Distributed Systems & Scaling · Topic 147

Sharding by ID vs. Sharding by Vector (Spatial sharding)

Sharding by ID (e.g. hash of point ID or key range) assigns points to shards regardless of their vector; every query must be sent to all shards and results merged (e.g. top-K across shards). Load is even and implementation is straightforward. Spatial sharding (by vector) assigns points to shards by region in vector space (e.g. using IVF-style clusters); a query can be routed to the nearest shards only, reducing work per query but requiring routing logic and rebalancing when data drifts. The choice depends on scaling goals and query patterns.

Summary

Sharding by ID (hash of point ID or key range): points assigned regardless of vector; every query goes to all shards, results merged (e.g. top-K across shards). Even load, straightforward. Spatial sharding (by vector): points assigned by region in vector space (e.g. IVF-style clusters); query routed to nearest shards only—less work per query but routing and rebalancing when data drifts.
Choice depends on scaling goals and query patterns. See coordinator merge logic and splitting vectors across nodes.
Pipeline: ID—send query to all shards, merge top-k. Spatial—route query to nearest shards by vector, merge top-k. Trade-off: ID is simpler and even; spatial reduces fan-out but needs routing and rebalancing. Practical tip: use ID unless query latency and fan-out cost justify spatial.

Comparing strategies

ID-based sharding: assign each point to a shard by hash(document_id) mod N or by key range. Queries are sent to every shard; each shard returns its local top-k; the coordinator merge-sorts by distance and returns the global top-k. Load is even across shards; implementation is straightforward. No routing logic is needed.

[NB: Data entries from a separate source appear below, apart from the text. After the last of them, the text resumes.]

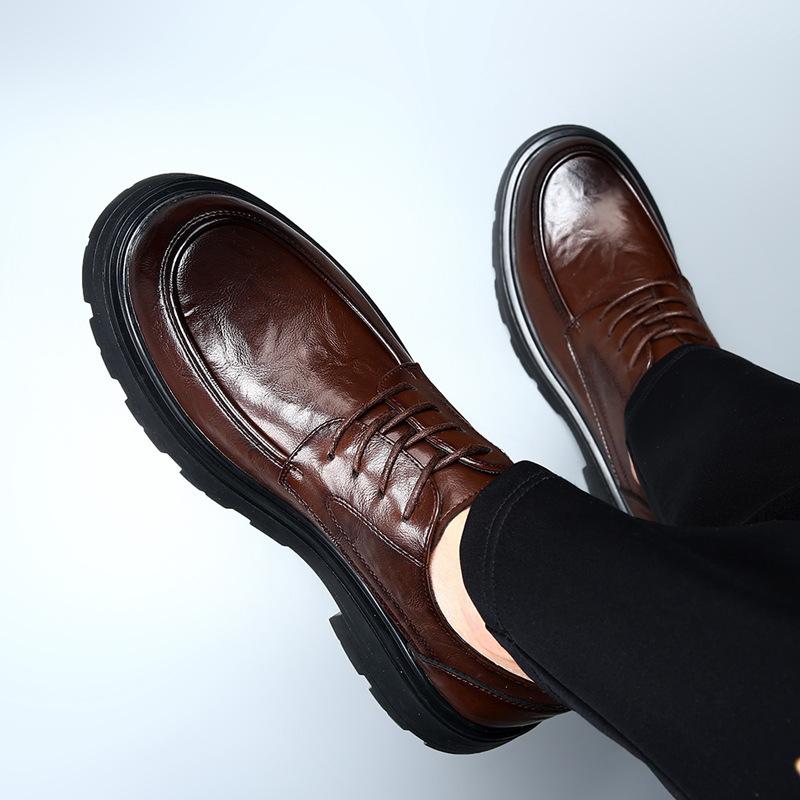 2025 весна новая мужская обувь кожаная высококлассная черная увеличивающая рост кожаная обувь британская дышащая деловая платьев обувь с большой головой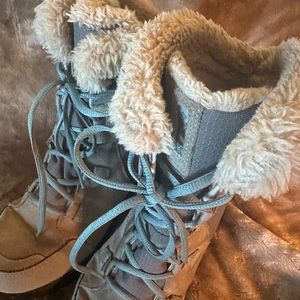 Columbia Ice Maiden II Gray Snow Boots Size 8 Women’s YL5206-052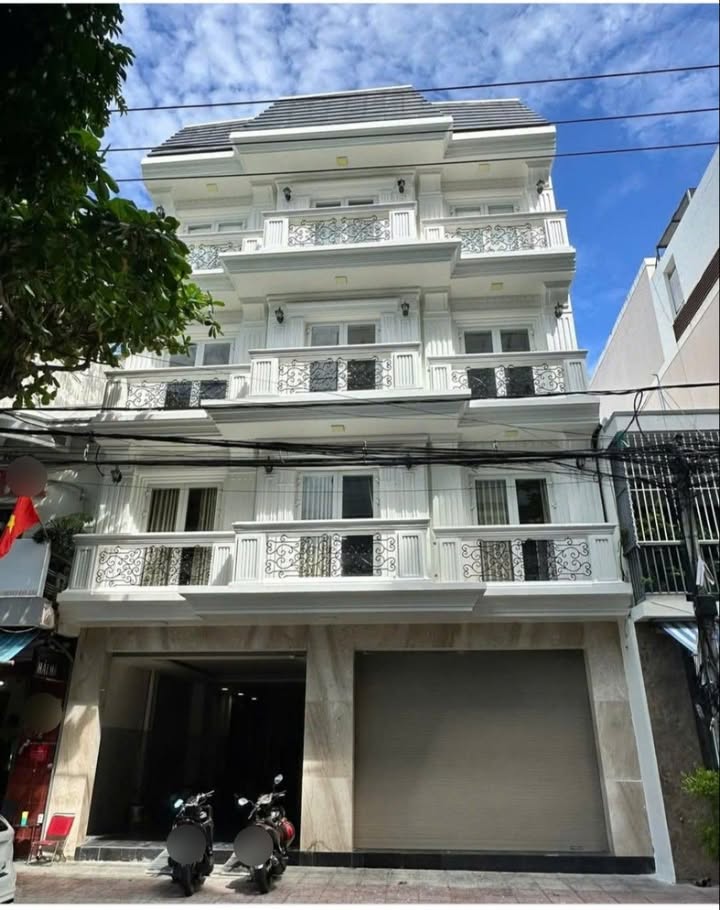 Nhà mặt tiền kinh doanh phường Vạn Thạnh, Nha Trang 200m² - Thiết kế hiện đại, cho thuê ngay!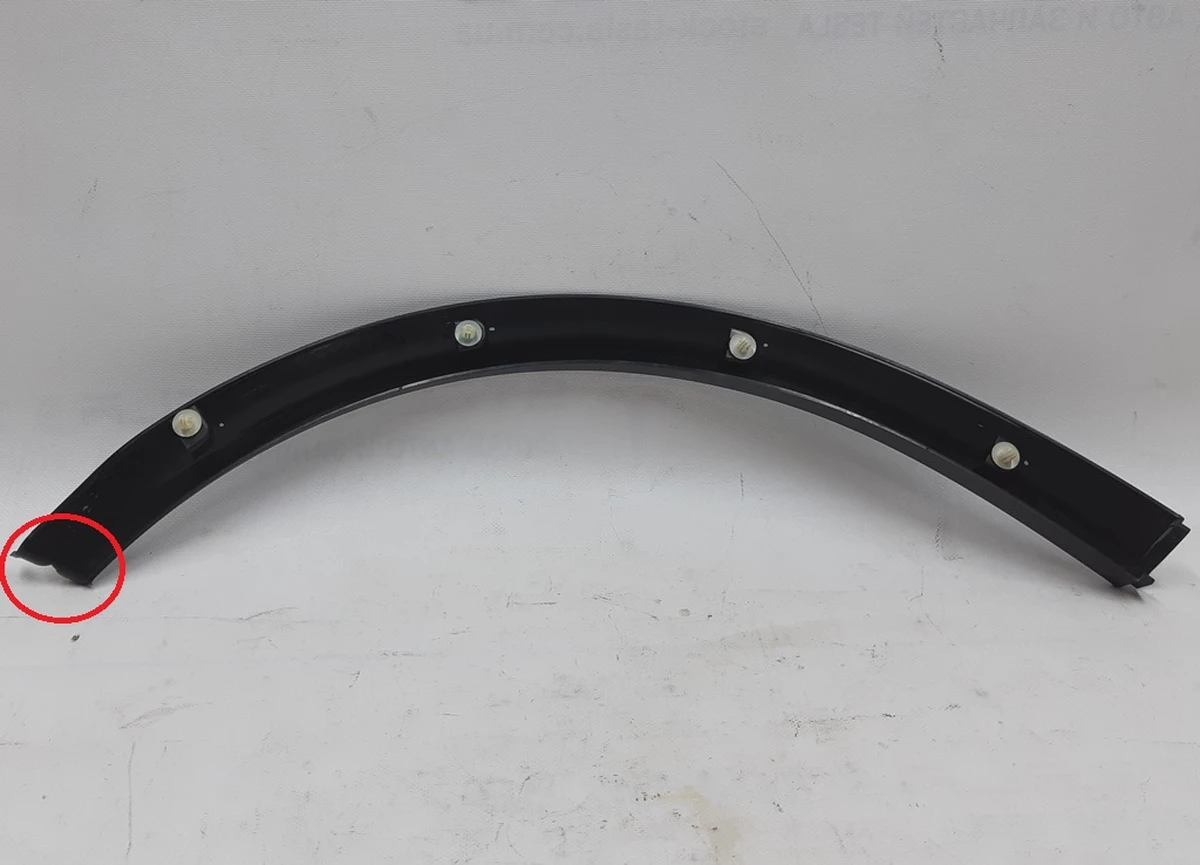12 Decorative overlay for the arch of the rear left door with damage without seal Tesla model X 1045890-00-E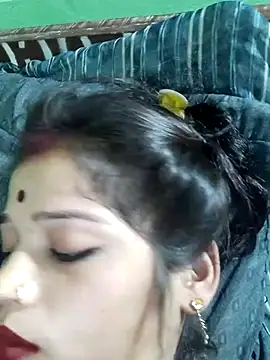 Snapshot of Bhumika_Love chatting on 10-26-25, 12:27 Bhumika Love online show from 10-26-25, 12:27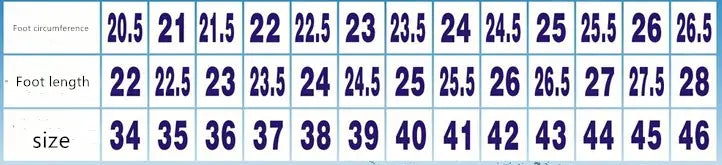 Tabla de tallas para mocasines de conducción de cuero para hombre con suela de goma, que muestra medidas de circunferencia del pie y longitud junto con números de talla correspondientes.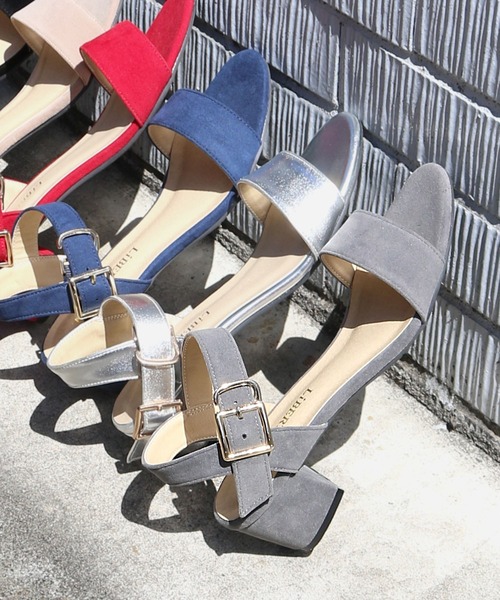 LibertyDoll(リバティードール)の「Liberty Doll / チャンキーヒールセパレートストラップサンダル(5597)(サンダル・レディース・マスタード/オレンジ/ブラック/ベージュ/グレー/シルバー/ロイヤルブルー/ネイビー/レッド/グレイッシュベージュ/ブラック系その他/ホワイト・L/M/LL/S/3L/SS)」の1枚目の写真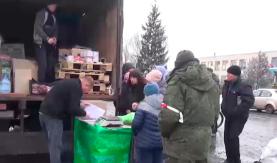 «Спасибо, что вы нам всё это привезли». В магазинах Донбасса невозможно купить еду. Люди оказались в блокаде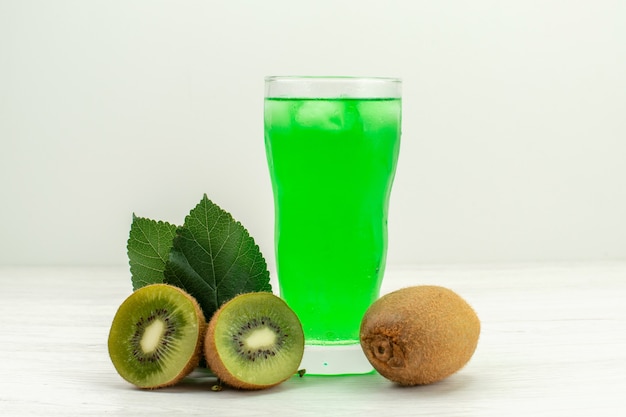 Free photo front view green kiwi juice with fresh kiwis on white surface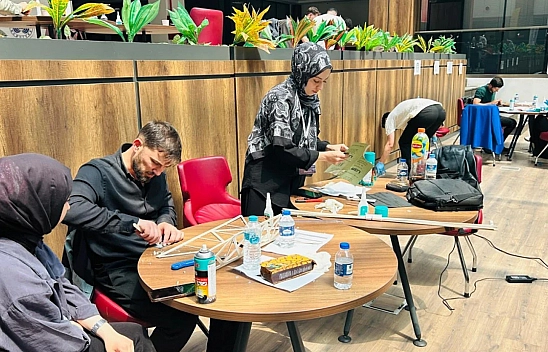 Elazığ İnşaat Fuarı'nda öğrenciler yarıştı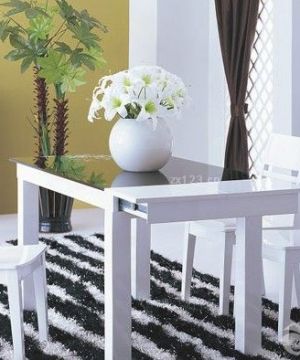现代风格折叠式餐桌装修效果图欣赏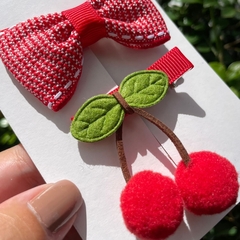 Hair clips cereja na internet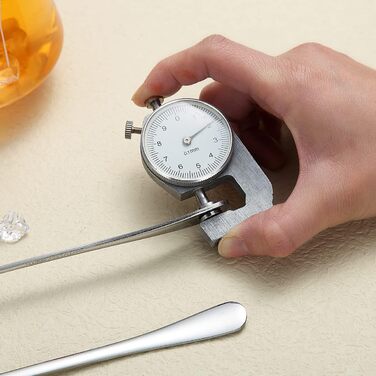 Набір ложок HOMQUEN (8 шт.) з довгим руків'ям: кавові, для коктейлів, чайні, з нержавіючої сталі (сріблясті)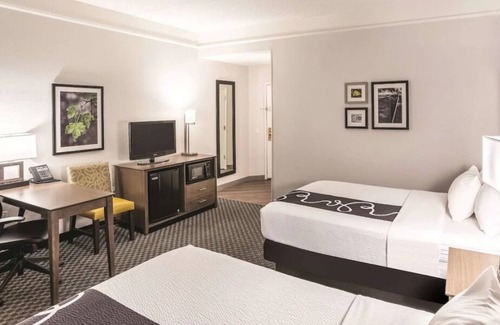 Woodlands Village House | Everything You Need For The Perfect Vacation! 3 Great Units, Free Parking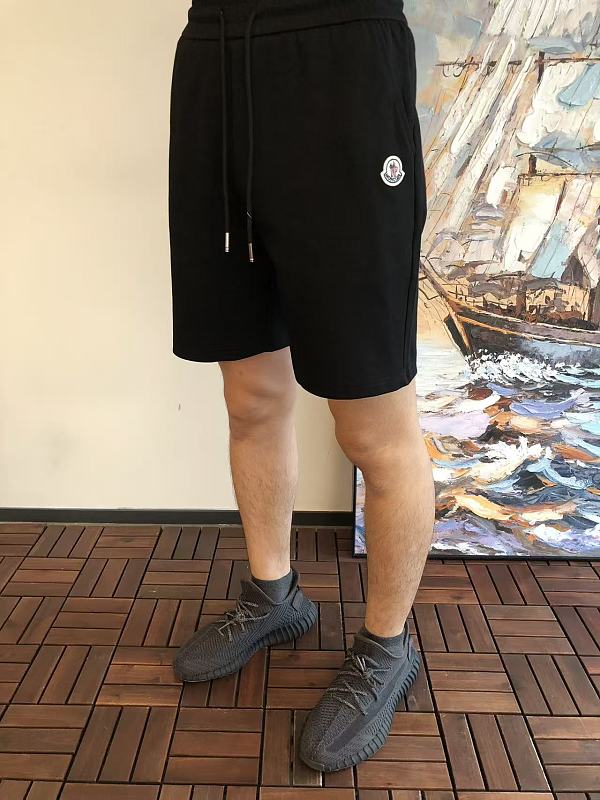 M R Shorts · 4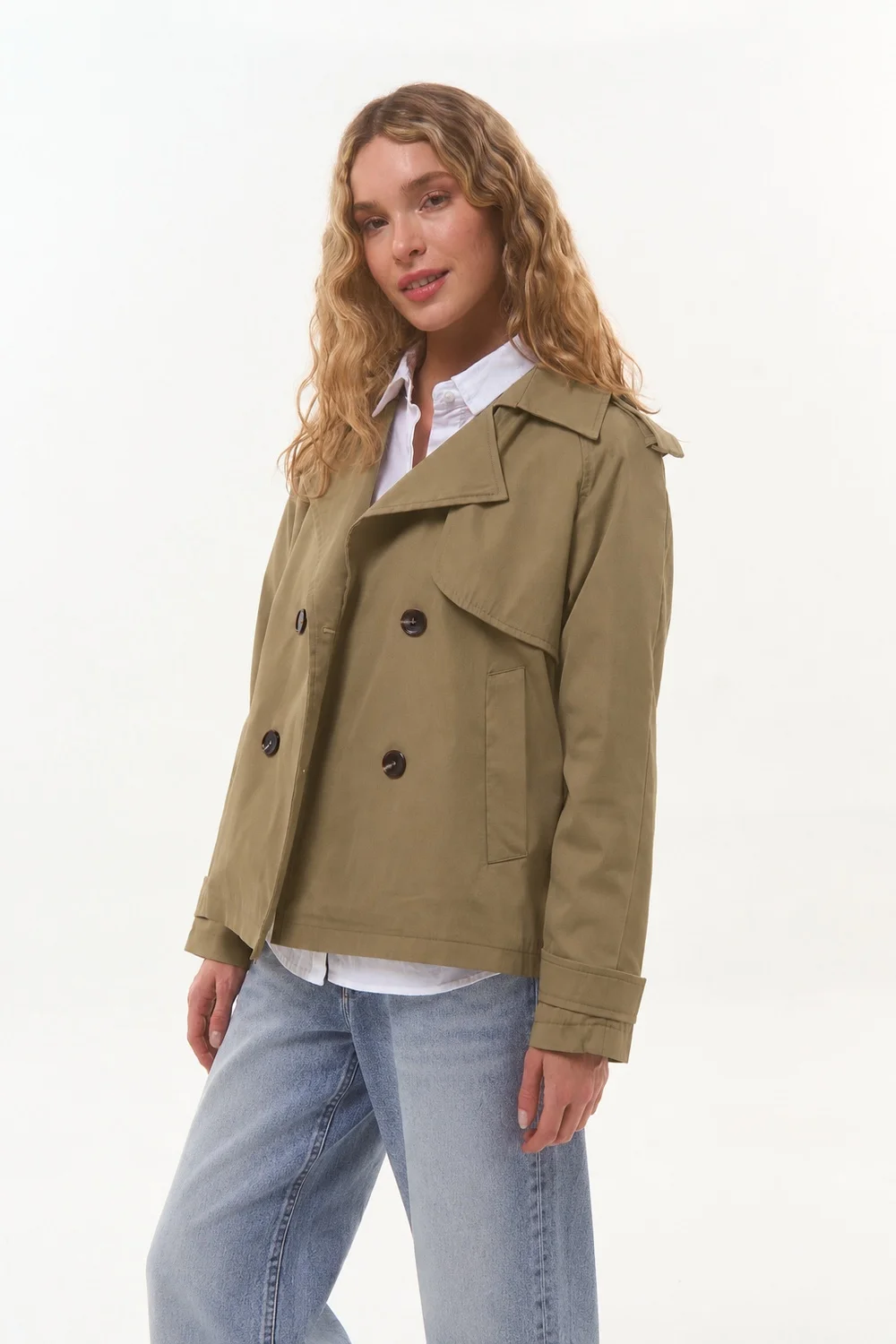 trench corto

Spatial sharding: assign points to shards by region in vector space (e.g. cluster centroids as in IVF; each shard owns a subset of clusters). At query time, the coordinator determines which shards are nearest to the query vector (e.g. by querying cluster centroids) and sends the query only to those shards. Fewer shards per query mean lower latency and less merge work, but routing logic and rebalancing when data or query distribution drifts are required.

Routing and merge logic

The coordinator fans out the query to the relevant shards, collects top-k (or more) from each, and merges into a global top-k. For ID sharding, all shards are queried; for spatial, only the nearest shards. Merge logic and how many candidates to request per shard affect recall and latency. Pipeline: route to shards, run ANN per shard, merge by distance. Trade-off: ID is simpler and even; spatial reduces fan-out but needs routing and rebalancing. Practical tip: use ID unless query latency and fan-out cost justify spatial.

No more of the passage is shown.